Tasks are categorized by how they are verified. For full details on each type, see the OTS Prompting Guidelines.

Type	What the agent does	What the verifier checks
NRD (Non Response Dependent)	Performs actions that change app state (e.g. add to cart, update a profile)	Whether the app state matches the expected outcome
RD (Response Dependent)	Analyzes data in the app and produces a text response (e.g. compare prices, recommend a product)	Whether the model response contains the correct information
Hybrid	Analyzes data and performs actions based on that analysis (e.g. find the cheapest item and add it to cart)	Both the app state and the model response

Assertions¶

An assertion is a single check that the verifier runs against the app state or the model response. Each task has one or more assertions. When you run the verifier, every assertion is evaluated independently and reports pass or fail.

For example, a task that says "Add 2 items to cart" might have assertions like:

Cart contains item A
Cart contains item B
Cart total equals expected value

Model Response¶

When agents are being trained, they interact with the gym and generate a response automatically. However, when manually testing, you (the human tester) need to play the role of the agent for tasks that require a response. This means:

For NRD tasks: You only perform the required actions in the app. No model response is needed; the verifier checks app state only.
For RD tasks: You analyze the content in the app as described in the prompt and provide a response that meets the prompt requirements perfectly.
For Hybrid tasks: You perform the required actions and provide a model response covering the analysis the prompt requested.

When is a model response needed?

Only RD and Hybrid tasks require a model response. NRD tasks are verified entirely through app state changes.

Testing Steps¶

1. Reset State¶

On /verify_raw, use Reset State. This clears the stored state and reloads, so you start from a clean run.

2. Pick a Task¶

On /verify_raw, choose the task you want to test.

3. Refresh the Landing Page¶

Reload the main app. The app loads with the fresh state.

4. Perform the Task¶

In the app, follow the task instructions exactly as described in the task/prompt.
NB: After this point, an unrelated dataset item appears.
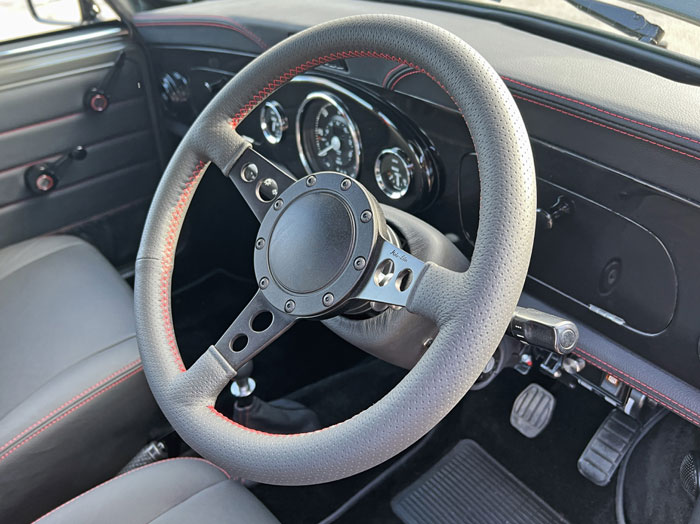 Bespoke Moto-Lita steering wheel crafted for a classic Mini with luxurious leather finish.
5. Provide a Model Response(only for RD and Hybrid tasks)¶

On /verify_raw, paste your response in the "Enter model response" field. Write the response as if you were an AI agent that just completed the task - include the facts, reasoning, or confirmations the prompt asks for.

6. Run the Verifier¶

On /verify_raw, find the task and run verification.

7. Interpret Results¶

All assertions pass: The task was performed correctly and the verifier matches.
Any assertion fails: Either the task was performed incorrectly (wrong steps, wrong data) or the verifier itself has an issue (expected state or assertions need to be fixed).

Don't blindly trust the verifier

The goal of task and verifier testing is to detect issues in both tasks and verifiers. If you believe a certain assertion is failing incorrectly, raise a bug for it with the Task & Verifier label. Include screenshots showing the app state, the assertion that failed, and why you believe it should pass. See the Bug Raising Guide for how to create the ticket.

Positive Path Testing¶

A positive path (happy path) is a way to perform the task correctly. Most tasks have multiple valid positive paths.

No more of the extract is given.